### Data for this exercise:
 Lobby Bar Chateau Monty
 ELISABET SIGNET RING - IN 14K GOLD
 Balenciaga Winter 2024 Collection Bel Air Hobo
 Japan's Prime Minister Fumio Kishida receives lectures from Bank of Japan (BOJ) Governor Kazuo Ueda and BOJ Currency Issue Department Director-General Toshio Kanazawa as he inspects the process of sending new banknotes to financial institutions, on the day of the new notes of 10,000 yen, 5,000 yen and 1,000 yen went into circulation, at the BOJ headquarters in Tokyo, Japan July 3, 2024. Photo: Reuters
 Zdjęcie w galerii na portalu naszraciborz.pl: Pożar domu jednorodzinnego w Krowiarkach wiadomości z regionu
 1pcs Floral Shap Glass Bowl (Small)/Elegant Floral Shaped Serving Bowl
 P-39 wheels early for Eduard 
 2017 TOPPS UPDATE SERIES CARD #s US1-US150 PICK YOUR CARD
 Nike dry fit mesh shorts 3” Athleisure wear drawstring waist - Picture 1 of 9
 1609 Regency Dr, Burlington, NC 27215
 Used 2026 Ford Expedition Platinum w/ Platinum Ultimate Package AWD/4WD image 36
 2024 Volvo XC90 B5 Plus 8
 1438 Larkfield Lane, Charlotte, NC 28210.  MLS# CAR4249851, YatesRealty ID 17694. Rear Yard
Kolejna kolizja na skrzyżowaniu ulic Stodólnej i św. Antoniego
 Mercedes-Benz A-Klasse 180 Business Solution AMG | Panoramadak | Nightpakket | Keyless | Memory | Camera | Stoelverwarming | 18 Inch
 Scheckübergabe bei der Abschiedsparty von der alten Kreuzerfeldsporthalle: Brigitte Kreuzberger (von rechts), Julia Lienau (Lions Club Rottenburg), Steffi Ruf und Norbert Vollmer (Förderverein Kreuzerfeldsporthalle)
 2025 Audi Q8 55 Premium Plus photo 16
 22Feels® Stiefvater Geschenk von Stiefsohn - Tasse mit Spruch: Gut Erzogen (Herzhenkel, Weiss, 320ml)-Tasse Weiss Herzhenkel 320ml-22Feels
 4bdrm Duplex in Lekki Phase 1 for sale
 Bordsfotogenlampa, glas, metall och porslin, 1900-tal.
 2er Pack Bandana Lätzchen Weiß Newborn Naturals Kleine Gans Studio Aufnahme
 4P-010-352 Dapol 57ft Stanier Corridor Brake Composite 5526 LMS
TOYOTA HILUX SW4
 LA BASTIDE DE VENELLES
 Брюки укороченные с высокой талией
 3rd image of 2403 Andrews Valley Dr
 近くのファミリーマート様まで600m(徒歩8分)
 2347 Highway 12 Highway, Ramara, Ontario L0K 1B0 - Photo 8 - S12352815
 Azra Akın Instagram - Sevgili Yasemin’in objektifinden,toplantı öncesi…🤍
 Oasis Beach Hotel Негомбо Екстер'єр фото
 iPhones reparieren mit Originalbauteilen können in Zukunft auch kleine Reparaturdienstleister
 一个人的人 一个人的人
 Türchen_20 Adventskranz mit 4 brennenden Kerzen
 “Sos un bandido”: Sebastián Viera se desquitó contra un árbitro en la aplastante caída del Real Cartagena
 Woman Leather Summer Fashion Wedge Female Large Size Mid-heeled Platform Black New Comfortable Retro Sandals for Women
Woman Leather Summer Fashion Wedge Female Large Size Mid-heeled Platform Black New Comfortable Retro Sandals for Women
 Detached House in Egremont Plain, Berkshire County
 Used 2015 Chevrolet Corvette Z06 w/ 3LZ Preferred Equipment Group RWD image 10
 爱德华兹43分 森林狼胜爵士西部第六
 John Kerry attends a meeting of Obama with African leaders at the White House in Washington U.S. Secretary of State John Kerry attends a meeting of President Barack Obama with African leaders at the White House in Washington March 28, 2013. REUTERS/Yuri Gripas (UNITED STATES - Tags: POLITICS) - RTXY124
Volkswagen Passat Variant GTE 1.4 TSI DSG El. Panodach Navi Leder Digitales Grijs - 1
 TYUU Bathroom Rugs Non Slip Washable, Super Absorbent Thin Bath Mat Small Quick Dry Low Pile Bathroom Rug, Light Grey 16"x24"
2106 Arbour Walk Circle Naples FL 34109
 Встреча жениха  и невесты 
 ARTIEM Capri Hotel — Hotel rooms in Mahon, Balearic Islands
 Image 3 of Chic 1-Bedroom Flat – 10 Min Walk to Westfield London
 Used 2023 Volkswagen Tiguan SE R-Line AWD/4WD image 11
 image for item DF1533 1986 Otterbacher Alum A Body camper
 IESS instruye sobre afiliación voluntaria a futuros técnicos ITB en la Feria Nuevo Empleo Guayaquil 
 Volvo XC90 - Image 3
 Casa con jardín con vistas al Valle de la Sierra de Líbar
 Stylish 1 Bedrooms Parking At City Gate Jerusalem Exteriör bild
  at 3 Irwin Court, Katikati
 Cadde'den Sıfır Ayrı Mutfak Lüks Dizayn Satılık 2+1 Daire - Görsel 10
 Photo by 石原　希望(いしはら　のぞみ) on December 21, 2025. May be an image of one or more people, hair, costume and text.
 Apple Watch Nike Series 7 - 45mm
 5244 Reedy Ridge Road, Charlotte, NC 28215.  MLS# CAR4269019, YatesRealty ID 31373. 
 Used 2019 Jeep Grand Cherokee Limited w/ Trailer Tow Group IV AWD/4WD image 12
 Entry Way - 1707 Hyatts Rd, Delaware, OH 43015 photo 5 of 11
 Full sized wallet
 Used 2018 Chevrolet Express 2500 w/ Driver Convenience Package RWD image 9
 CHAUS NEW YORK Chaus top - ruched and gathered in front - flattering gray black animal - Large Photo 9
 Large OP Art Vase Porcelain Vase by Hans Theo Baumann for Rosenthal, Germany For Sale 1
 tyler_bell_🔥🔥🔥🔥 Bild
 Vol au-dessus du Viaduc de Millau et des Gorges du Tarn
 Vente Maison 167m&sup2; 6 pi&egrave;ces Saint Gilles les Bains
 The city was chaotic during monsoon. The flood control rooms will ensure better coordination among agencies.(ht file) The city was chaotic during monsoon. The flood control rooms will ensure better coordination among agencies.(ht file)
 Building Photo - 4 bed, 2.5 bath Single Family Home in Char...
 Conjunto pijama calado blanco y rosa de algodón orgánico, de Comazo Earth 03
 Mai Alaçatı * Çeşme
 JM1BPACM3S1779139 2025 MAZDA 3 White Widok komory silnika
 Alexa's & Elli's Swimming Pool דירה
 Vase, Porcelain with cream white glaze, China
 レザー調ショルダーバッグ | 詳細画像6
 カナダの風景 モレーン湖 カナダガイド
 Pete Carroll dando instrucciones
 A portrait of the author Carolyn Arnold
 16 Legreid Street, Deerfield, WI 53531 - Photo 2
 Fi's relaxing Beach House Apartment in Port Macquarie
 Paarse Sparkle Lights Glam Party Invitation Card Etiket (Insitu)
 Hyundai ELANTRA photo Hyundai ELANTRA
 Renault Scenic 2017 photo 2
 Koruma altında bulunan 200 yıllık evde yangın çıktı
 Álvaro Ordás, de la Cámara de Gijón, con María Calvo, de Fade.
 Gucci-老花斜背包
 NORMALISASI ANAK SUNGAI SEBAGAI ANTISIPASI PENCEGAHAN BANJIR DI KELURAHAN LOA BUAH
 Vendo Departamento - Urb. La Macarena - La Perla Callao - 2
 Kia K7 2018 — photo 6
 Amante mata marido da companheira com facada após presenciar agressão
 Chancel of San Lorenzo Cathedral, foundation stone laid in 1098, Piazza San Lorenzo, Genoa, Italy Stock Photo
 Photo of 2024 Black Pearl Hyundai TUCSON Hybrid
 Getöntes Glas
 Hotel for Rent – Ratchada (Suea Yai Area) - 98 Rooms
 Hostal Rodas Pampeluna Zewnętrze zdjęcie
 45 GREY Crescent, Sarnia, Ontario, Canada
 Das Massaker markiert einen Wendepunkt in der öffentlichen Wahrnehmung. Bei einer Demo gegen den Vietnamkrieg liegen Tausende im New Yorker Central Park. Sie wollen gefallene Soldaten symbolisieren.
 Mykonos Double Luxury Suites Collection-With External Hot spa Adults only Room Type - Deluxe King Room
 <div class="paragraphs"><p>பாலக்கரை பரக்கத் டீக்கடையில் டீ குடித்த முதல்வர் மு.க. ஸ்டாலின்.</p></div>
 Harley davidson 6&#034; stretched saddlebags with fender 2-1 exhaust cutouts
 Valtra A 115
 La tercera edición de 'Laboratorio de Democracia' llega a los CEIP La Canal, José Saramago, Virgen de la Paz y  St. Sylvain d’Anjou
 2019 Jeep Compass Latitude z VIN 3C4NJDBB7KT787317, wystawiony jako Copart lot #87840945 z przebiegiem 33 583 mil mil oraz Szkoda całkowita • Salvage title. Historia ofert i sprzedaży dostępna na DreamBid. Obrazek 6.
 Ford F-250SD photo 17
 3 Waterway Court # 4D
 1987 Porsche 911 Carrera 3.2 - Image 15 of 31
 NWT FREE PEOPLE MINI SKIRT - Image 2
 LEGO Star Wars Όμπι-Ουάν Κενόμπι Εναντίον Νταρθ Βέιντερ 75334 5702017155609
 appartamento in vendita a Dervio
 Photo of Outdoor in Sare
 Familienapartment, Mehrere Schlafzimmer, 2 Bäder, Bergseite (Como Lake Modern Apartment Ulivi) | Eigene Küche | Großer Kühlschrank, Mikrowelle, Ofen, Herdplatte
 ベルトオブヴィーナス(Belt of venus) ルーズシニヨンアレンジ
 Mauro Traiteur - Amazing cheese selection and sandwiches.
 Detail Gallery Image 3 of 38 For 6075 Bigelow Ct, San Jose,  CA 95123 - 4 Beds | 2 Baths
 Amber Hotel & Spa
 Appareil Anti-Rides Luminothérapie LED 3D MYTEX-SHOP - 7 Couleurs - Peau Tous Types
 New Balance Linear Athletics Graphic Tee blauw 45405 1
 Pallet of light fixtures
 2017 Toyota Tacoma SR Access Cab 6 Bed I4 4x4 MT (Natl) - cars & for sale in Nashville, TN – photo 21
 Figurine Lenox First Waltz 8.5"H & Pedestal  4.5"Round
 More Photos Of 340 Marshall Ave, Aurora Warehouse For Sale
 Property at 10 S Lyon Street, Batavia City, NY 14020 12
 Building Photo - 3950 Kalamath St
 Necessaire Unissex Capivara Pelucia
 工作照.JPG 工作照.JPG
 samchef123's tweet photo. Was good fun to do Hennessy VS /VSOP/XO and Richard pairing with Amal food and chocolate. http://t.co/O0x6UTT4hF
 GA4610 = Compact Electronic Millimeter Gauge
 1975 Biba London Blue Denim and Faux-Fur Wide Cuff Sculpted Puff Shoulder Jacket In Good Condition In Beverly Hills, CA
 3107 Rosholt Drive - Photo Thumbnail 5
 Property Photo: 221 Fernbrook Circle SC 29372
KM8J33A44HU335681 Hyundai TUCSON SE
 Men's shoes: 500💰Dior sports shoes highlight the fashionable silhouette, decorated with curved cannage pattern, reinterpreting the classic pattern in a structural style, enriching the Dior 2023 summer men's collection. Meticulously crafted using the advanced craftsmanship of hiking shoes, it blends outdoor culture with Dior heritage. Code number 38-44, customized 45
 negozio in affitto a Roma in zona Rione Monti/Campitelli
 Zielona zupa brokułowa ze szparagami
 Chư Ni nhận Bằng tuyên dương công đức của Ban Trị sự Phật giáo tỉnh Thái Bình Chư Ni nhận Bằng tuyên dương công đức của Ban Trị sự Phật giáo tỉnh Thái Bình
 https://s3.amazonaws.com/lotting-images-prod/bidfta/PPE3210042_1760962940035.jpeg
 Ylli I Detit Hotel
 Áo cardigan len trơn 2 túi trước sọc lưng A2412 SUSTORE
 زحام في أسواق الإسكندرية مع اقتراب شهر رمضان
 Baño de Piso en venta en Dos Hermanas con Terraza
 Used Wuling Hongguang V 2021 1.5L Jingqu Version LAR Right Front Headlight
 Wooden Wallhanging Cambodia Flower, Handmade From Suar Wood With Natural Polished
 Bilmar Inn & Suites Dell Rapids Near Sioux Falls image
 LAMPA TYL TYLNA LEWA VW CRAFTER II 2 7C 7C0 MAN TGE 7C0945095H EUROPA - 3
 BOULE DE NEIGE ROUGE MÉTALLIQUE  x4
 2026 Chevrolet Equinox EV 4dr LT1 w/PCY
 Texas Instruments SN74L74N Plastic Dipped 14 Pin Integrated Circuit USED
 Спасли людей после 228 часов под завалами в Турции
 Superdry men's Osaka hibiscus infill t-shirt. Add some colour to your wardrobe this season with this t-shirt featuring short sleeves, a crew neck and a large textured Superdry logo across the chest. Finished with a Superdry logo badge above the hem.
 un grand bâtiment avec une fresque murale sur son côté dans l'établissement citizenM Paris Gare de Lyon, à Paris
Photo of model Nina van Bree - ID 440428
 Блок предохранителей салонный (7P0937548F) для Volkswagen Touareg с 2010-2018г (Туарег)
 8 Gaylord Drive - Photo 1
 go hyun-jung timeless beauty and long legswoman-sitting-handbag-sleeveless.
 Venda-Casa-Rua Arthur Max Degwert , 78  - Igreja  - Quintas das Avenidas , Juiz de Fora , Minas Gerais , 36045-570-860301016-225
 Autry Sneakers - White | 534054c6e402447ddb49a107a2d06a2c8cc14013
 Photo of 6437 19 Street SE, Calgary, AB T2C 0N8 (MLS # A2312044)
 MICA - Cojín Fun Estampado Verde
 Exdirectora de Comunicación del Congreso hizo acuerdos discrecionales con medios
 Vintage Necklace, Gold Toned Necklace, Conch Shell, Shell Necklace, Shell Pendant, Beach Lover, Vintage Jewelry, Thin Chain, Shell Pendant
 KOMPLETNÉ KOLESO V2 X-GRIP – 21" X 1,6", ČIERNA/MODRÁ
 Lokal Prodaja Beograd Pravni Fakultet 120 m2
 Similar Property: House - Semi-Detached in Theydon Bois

### Work task:
Take each line from the preceding material that contains "Circle" and copy it.

### Exercise solution:
2106 Arbour Walk Circle Naples FL 34109
 Property Photo: 221 Fernbrook Circle SC 29372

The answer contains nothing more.